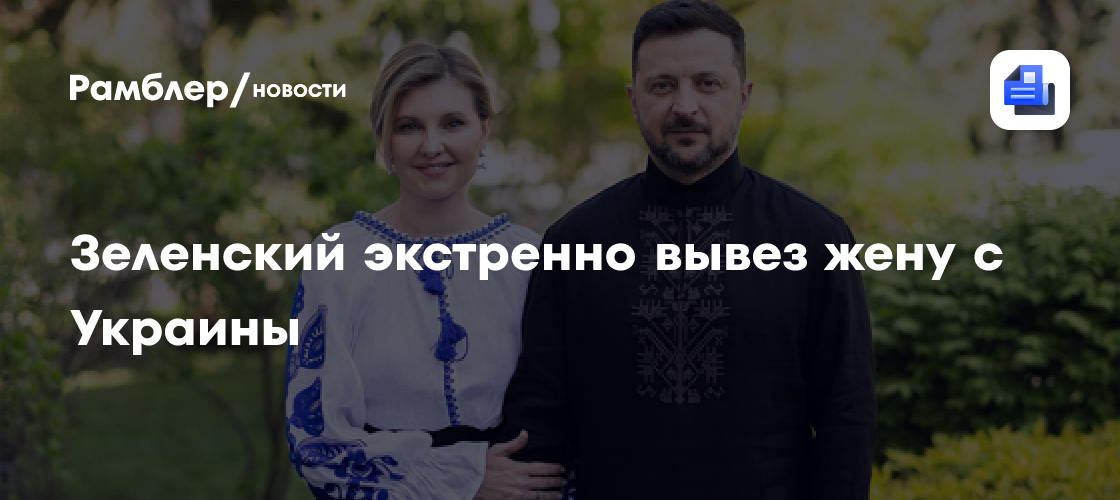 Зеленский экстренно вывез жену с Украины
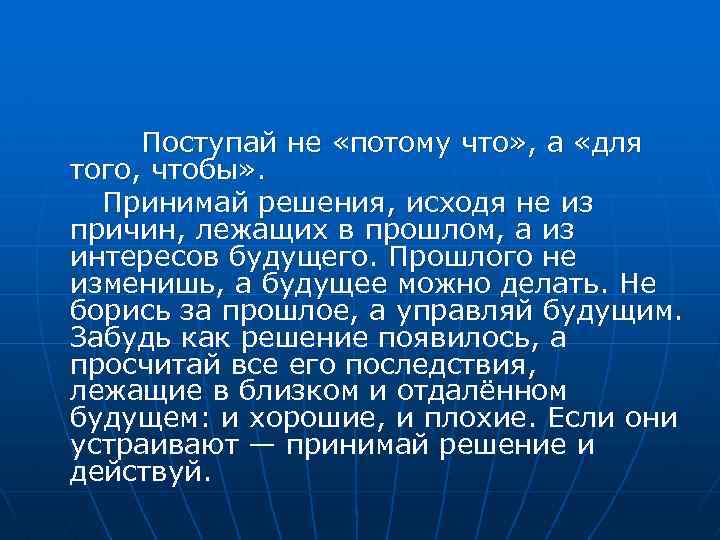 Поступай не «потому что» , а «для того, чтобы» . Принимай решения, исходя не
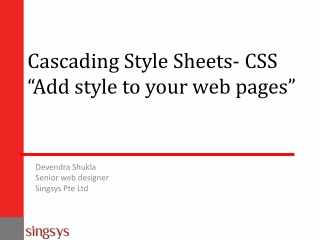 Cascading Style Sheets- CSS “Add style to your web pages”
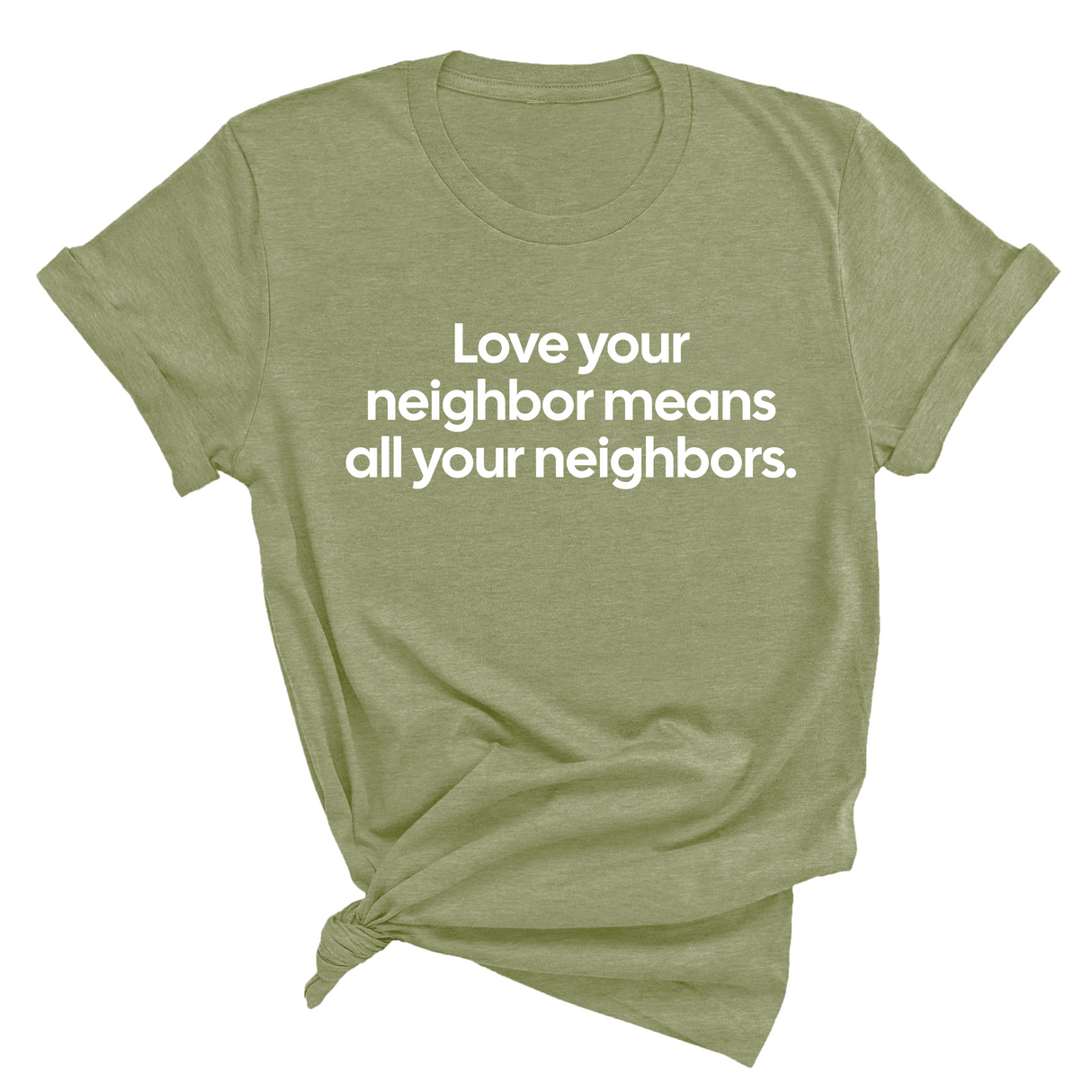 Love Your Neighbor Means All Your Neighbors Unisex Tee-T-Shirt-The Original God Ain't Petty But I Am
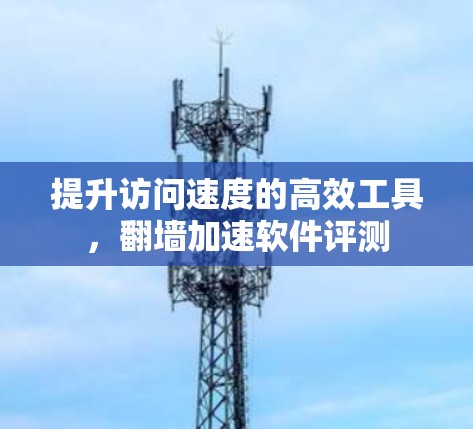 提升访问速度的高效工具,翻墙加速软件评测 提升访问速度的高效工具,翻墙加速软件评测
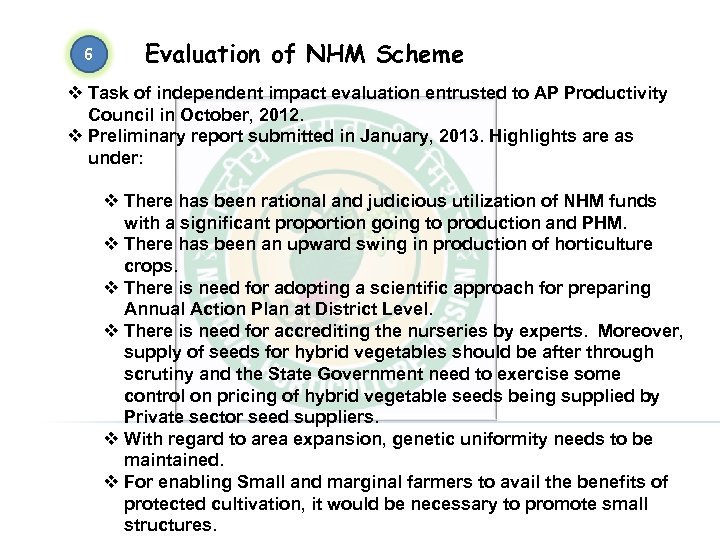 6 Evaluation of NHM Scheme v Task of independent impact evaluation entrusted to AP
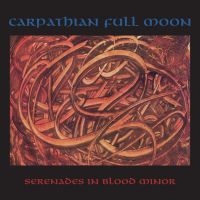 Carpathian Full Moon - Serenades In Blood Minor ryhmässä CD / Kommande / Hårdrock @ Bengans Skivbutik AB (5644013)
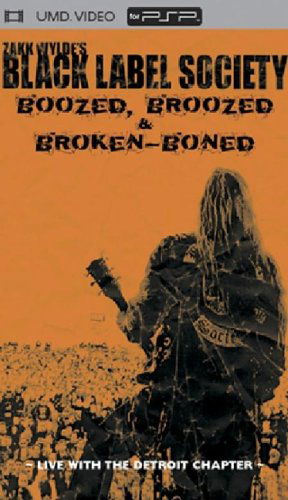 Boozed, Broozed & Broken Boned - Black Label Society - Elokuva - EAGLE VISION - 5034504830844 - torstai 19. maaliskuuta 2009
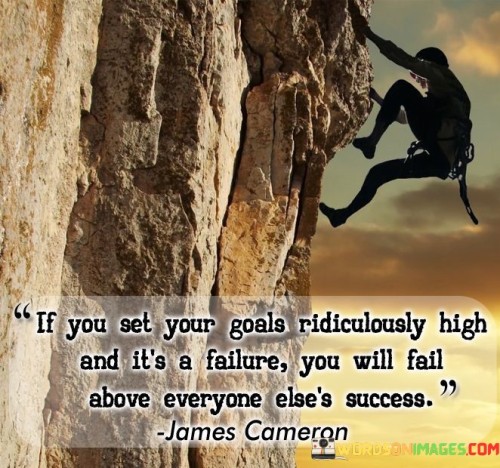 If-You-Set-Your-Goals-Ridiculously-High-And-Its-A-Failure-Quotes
━━━━━━━━━━━━━━━━
### Required action:
Return the listing unchanged, but drop every picture.

### Written reply:
 Зеленский экстренно вывез жену с Украины
 Поступай не «потому что» , а «для того, чтобы» . Принимай решения, исходя не
 Cascading Style Sheets- CSS “Add style to your web pages”
 Love Your Neighbor Means All Your Neighbors Unisex Tee-T-Shirt-The Original God Ain't Petty But I Am
 提升访问速度的高效工具,翻墙加速软件评测 提升访问速度的高效工具,翻墙加速软件评测
 6 Evaluation of NHM Scheme v Task of independent impact evaluation entrusted to AP
 Carpathian Full Moon - Serenades In Blood Minor ryhmässä CD / Kommande / Hårdrock @ Bengans Skivbutik AB (5644013)
 Boozed, Broozed & Broken Boned - Black Label Society - Elokuva - EAGLE VISION - 5034504830844 - torstai 19. maaliskuuta 2009
 If-You-Set-Your-Goals-Ridiculously-High-And-Its-A-Failure-Quotes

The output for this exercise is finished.